Der Rettungshubschrauber am Bundeswehrkrankenhaus in Ulm hat jetzt seinen 50.000. Einsatz geflogen. Seit 2003 stellt die ADAC Luftrettung den Helikopter und das fliegerische Personal an Deutschlands zweitältester Luftrettungsstation, das medizinische Personal kommt dort von der Bundeswehr.

9.05.2021

Der am Bundeswehrkrankenhaus in Ulm stationierte Rettungshubschrauber Christoph 22 der ADAC Luftrettung hat in der ersten Mai-Woche des Jahres 2021 seinen 50.000 Einsatz geflogen. © ADAC Luftrettung/Björn Hossfeld

Die Luftrettungsstation am Bundeswehrkrankenhaus in Ulm ist die zweitälteste in Deutschland. Im November dieses Jahres feiert sie ihr 50-jähriges Bestehen. Wie wichtig diese Einrichtung für die Region ist, zeigt die Zahl der Einsätze, die der dort stationierte Rettungshubschrauber Christoph 22 seit der Gründung der Station geflogen hat. In der ersten Mai-Woche hat der von der ADAC Luftrettung betriebene Rettungshubschrauber Christoph 22 seinen 50.000. Einsatz absolviert. Ein Motorradfahrer war auf der Schwäbischen Alb verunglückt und hatte sich dabei schwer verletzt. Er wurde in eine Klinik nach Reutlingen geflogen.

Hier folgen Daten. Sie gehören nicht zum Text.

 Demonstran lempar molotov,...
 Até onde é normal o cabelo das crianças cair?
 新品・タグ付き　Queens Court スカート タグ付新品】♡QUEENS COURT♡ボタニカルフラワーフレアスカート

Dr. Björn Hossfeld, der leitender Oberarzt der Klinik für Anästhesiologie, Intensivmedizin, Notfallmedizin und Schmerztherapie am Bundeswehrkrankenhaus und Leitender Arzt an der Luftrettungsstation „Christoph 22“, sagte: „Wenn man 50.000 Einsätze in Relation zur Einwohnerzahl Ulms setzt, hätte nahezu jeder zweite Bürger Hilfe aus der Luft erhalten.“

Durchschnittlich 1.400 Einsätze pro Jahr

Nach Angaben der ADAC Luftrettung flog Christoph 22 in den vergangenen Jahren im Durchschnitt 1.400 Einsätze. Bis zum 5. Mai dieses Jahres erreichte der Rettungshubschrauber bereits die Zahl von 450 Einsätzen. Die ADAC Luftrettung stellt seit 2003 den Hubschrauber und das fliegerische Personal an der Station in Ulm, das medizinische Personal kommt von der Bundeswehr. Bis 2003 stellte die Bundeswehr mit einer Bell UH-1D auch die fliegerische Komponente der Luftrettung an diesem Standort sicher.

Christoph 22 im Juli 2014. Damals war noch das Helikoptermuster BK 117 in Ulm stationiert. © Jörn Fries

Bei den 50.000 Einsätzen von „Christoph 22“ handelte es sich nach Angaben der ADAC Luftrettung vorwiegend um Rettungseinsätze wegen internistischer Notfälle – wie zum Beispiel akuter Herzkreislauferkrankungen – oder Verkehrsunfällen, Schlaganfällen, Freizeit-, Arbeits-, und häuslichen Unfällen.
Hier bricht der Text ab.